The above function works ok, but it really just reads through **all** of our messages and learns from that. What if we split the messages up, and it learned how **I** responded to things that other people say? 🤔 Let's try it!

In [473]:
msgs_them = person_msgs[person_msgs['is_sent'] == 0] # other person's messages are is_sent = 0
msgs_me = person_msgs[person_msgs['is_sent'] == 1] # my messages are is_sent = 1

# Normalize the texts using .lower():
msgs_them['text'] = msgs_them['text'].str.lower()
msgs_me['text'] = msgs_me['text'].str.lower()

# Split into sentence tokens (each text message is treated as one sentence):
sent_tokens_them = msgs_them['text'].to_list()
sent_tokens_me = msgs_me['text'].to_list()

# Put into new-line seperated lists:
raw_them = '.\n'.join(sent_tokens_them)
raw_me = '.\n'.join(sent_tokens_me)

# Take out each word and make their own list:
word_tokens_them = nltk.word_tokenize(raw_them)# converts to list of words
word_tokens_me = nltk.word_tokenize(raw_me)# converts to list of words

# Exact same lemmatizer code as above:
lemmer = nltk.stem.WordNetLemmatizer()

def LemTokens(tokens):
    return [lemmer.lemmatize(token) for token in tokens]

remove_punct_dict = dict((ord(punct), None) for punct in string.punctuation)

def LemNormalize(text):
    return LemTokens(nltk.word_tokenize(text.lower().translate(remove_punct_dict)))

So now we have the messages of each person stored in different dataframes.

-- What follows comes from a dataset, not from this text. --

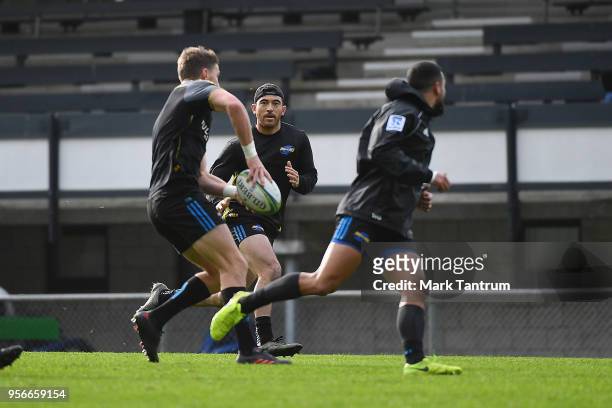 Beauden Barrett passes to Nehe Milner-Skudder during a Hurricanes Captains Run at Rugby League Park on May 10, 2018 in Wellington, New Zealand.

We'll use NLTK to find the closest vectors between the other person's message and all the messages that they have previously sent. We will then find when that message was sent, and find how I responded to it. We will then respond with how I have previously responded.

In [474]:
def response_v2(user_response):
    nlp_response=''
    sent_tokens_them.append(user_response)
    
    # Same TFIDF code as above
    TfidfVec = TfidfVectorizer(tokenizer=LemNormalize, stop_words='english')
    tfidf = TfidfVec.fit_transform(sent_tokens_them)
    vals = cosine_similarity(tfidf[-1], tfidf)
    
    idx = vals.argsort()[0][-2]
    
    sentdate = msgs_them.iloc[idx]['message_date'] # Now that we have the index of their closest message, find when it was sent
    
    # Find the message that I used to respond to that text, and return it:
    messages_after = msgs_me[msgs_me['message_date'] >= sentdate]
    my_response = messages_after.iloc[0]['text']
    
    flat = vals.flatten() # flatten the 2D list to a 1D list
    flat.sort() # sort the list
    
    req_tfidf = flat[-2]
    
    if(req_tfidf == 0):
        nlp_response = nlp_response + "Wtf?"
        return nlp_response
    else:
        return my_response

In [None]:
while(True):
    user_response = input()
    user_response=user_response.lower() #set it all to lower case

    print("NLP:", response_v2(user_response))
    sent_tokens_them.remove(user_response)

what's up?
NLP: what's the order
huh?
NLP: yes it was
hahah ok
NLP: oh yeah totally! leaving right now
where are you going?
NLP: yes i am super hyped
hahah ok
NLP: oh yeah totally! leaving right now


And there you have it! We took in our corpus, pre-processed it, split it into two different corpuses (one for me and one for the other person), built the vectors, and created an interface for it. I'm excited to take this even further!